4 Réponses laisse un →
  1. Mr.D permalink
    février 12, 2010

    Mr.Nollet,
    Quel texte rafraichissant pour un homme qui aime se surnommer lui-même dinosaure de sont état, cependant un point me chatouille et je focuserai ma réponse autour de cette partie de votre texte!

    Il est de mon devoir que de vous rappelez que la technologie d’aujourd’hui est prioritaire dans votre vie et oh combien elle semble passer incognito à vos yeux, vous êtes vous même adepte de celle-ci, mais j’y reviendrai…

    La technologie d’aujourd’hui n’est rien de bien terrifiant si on la compare à celle que vos propres parents ont du faire face. Les radio-casettes, baladeurs, ordinateurs, la naissance des jeux vidéos, le port du condom et même le guichet automatique!

    La majorité d’entre eux , aujourd’hui grands-parents, auront probablement blasphémé devant ce progrès technologique qui n’égalait en rien la performance de leurs bonne vieille dactylo!
    Car après tout l’ordinateur servait de façon basique à jouer, faire des graphiques, des dessins et bien entendu du traitement de texte! On peut comparer ici l’évolution du téléphone portable à celle de l’ordinateur d’il y a quelques années.. non?

    Un autre fait, il y a quelques années les gens gardaient leurs opinions pour la confier à table lors des souper de familles, puis les journaux avec des pages «paroles aux lecteurs», les lignes ouvertes à la radio et à la télévision ont pris de plus en plus de place et désormais même un dinosaure technologique utilise de brillante façon sont propre blogue pour partager son opinion!

    Et je crois que tout ceux qui vous connaissent pourront en témoigner , lorsqu’une discussion devient sujet à un rappel ou à une suite attendu de votre part… le classique «Ben envoie moi un email là-dessus pis j’te reviens avec ca!» se fait généralement entendre!

    Je crois simplement que le bon vieux dicton «autre temps autre mœurs» s’applique ici .
    Vous disiez un dinosaure, je dirais plus un bon vieux cétacé qui s’adapte peu à peu à son nouvel envirorement technologique :) !
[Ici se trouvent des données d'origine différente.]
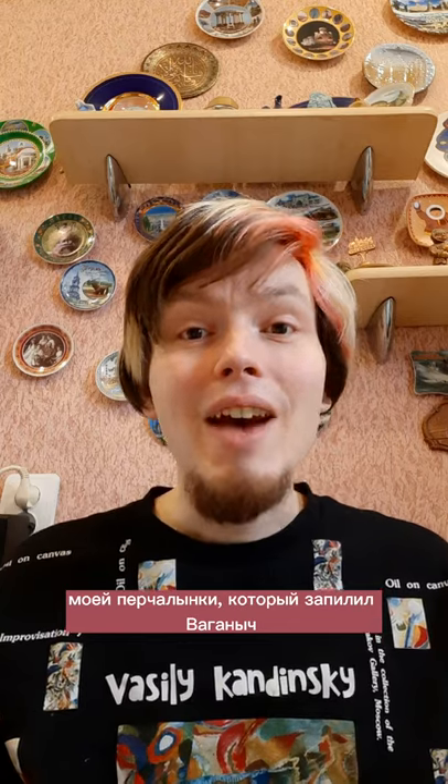I apologize for my accent, especially for those who don't speak Russian. I want to share two tips that I've seen in a YouTube review of my glove pipe made by Vaganich, the famous Russian musician-blogger.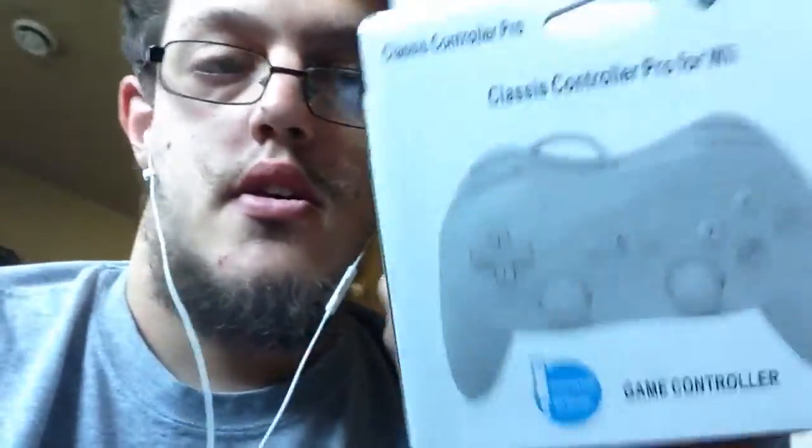Hey there everybody, Comedy Loversome here. Today I did get a package in the mail. It's the Classic Controller Pro for the Wii and Wii U, I think. That's what the seller said on Amazon.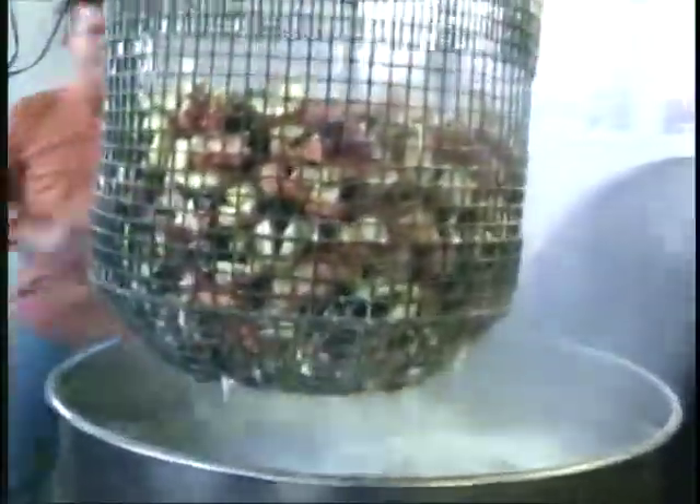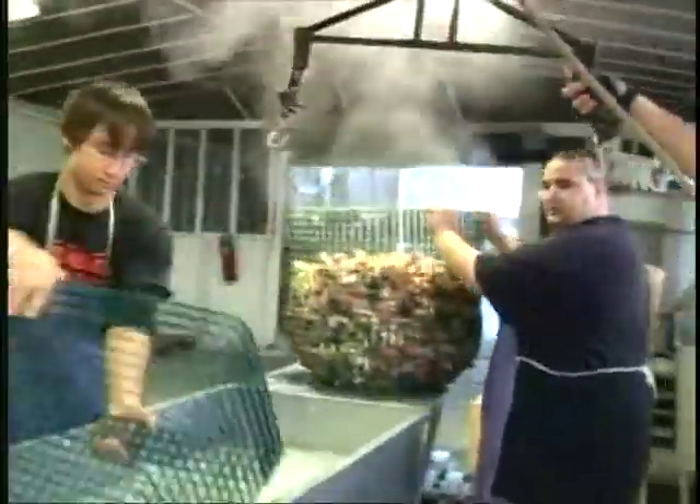Now what we're doing at this point — the crabs are cooked. They've already met their eight minutes, so Kevin will hoist them up and he'll run back to the chill tank, and we'll start putting them in the chilled water.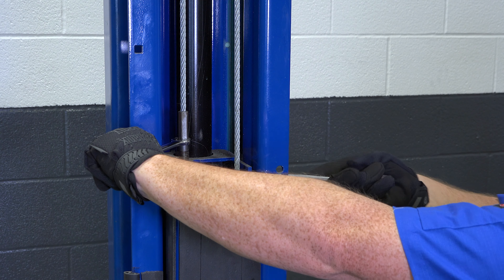Once the cable is taut, you should be able to squeeze the cables together within an inch to a half inch of each other with minimal resistance. Make sure to check the cable on the other column as well once the equalizer cables have been adjusted.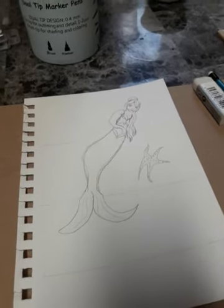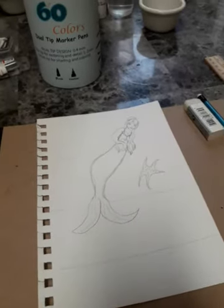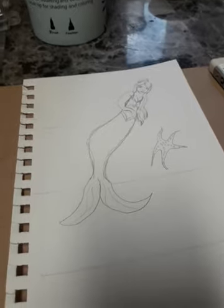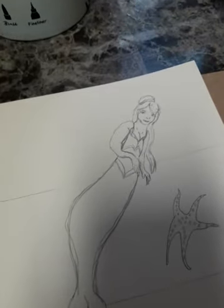I have not inked it yet. I'm debating which liners to use — I don't know if I should use the Sharpies or the Faber-Castells, because I don't know what colors to use. This picture is not done, but I'm getting so much better at faces.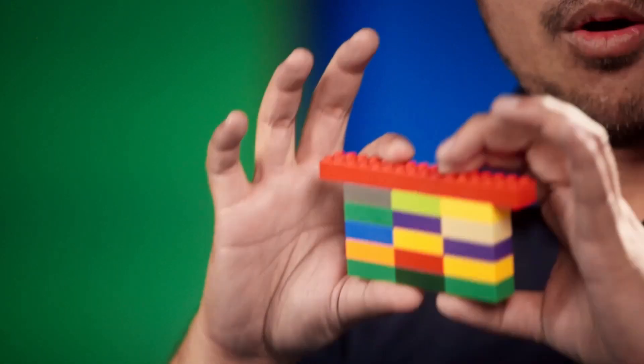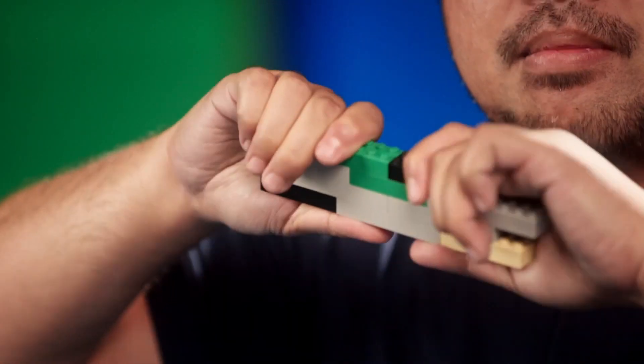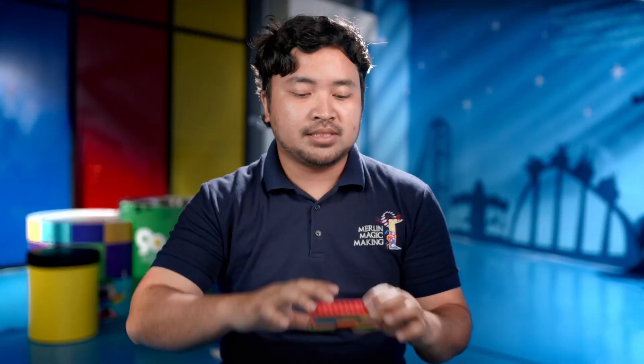Always interlock your bricks. Interlocking bricks are stronger than stacking bricks. What I mean by stacking is like this, while interlocking is like this. As you can see, the interlocked bricks are much harder to break compared to the stacked bricks.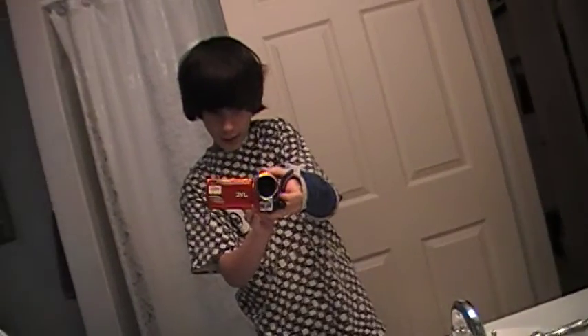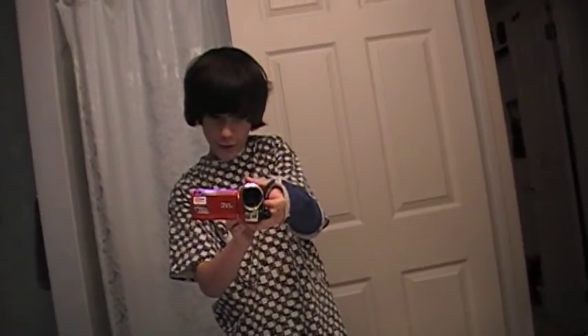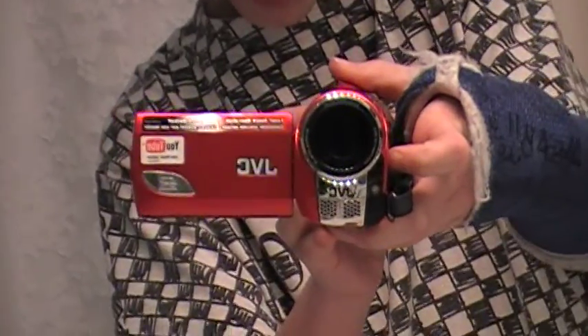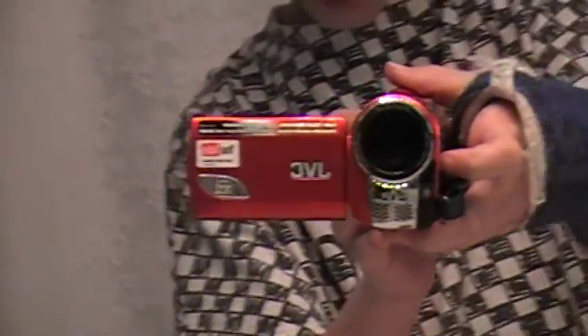It's pretty sick. It's red, 35 times optical zoom. It's really clear graphics, resolution.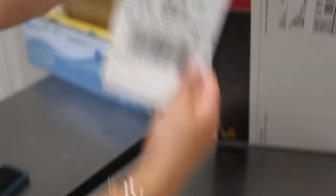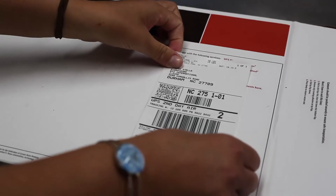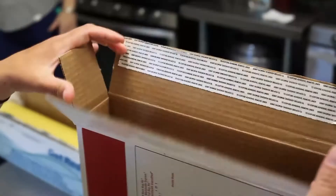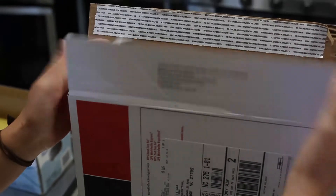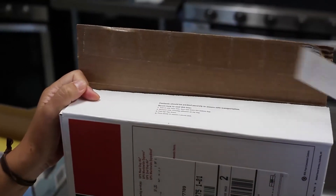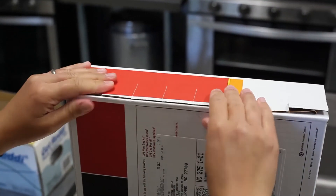Now you will take your return UPS mailing label and place it over the label that the box came in. Now you will close up your box — flaps first. Remove the liner and push down on the adhesive so it is very tight.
    Grâce à cette technologie je peux désormait suivre l’équipe de tourisme mauricie sur le web grâce à mon blackberry et même répondre à ce blogue confortablement assis dans mon lit avec mon I-Pod touch.. c’est ti pas beau la technologie rien qu’un peu :)

    Mr.D
    La pomme ne tombe jamais bien loin de l’arbre!

  2. février 12, 2010

    tout un André
    ben non, ben non t’es pas dinausaure
    juste pas mal drôle !!!
    penses-tu que d’aucuns se seront reconnus ?
    bon week end
    en passant moi aussi j’aime bien lui clouer le bec à mon cell

  3. Nicolas Mathon permalink
    février 14, 2010

    Je suis totalement d’accord mais je ne remets par le problème sur le dos des avancées
    technologiques mais plutôt l’éthique, le respect et le gros bon sens manquant chez certains individus.

    Le pouvoir de la technologie n’a pas de limite, il reste à nous de lui en imposer dans les sphères de notre vie que nous désirons préserver.

    Avis aux intéressés, http://www.cyberdependance.ca!

    Message envoyé depuis mon iPod Touch.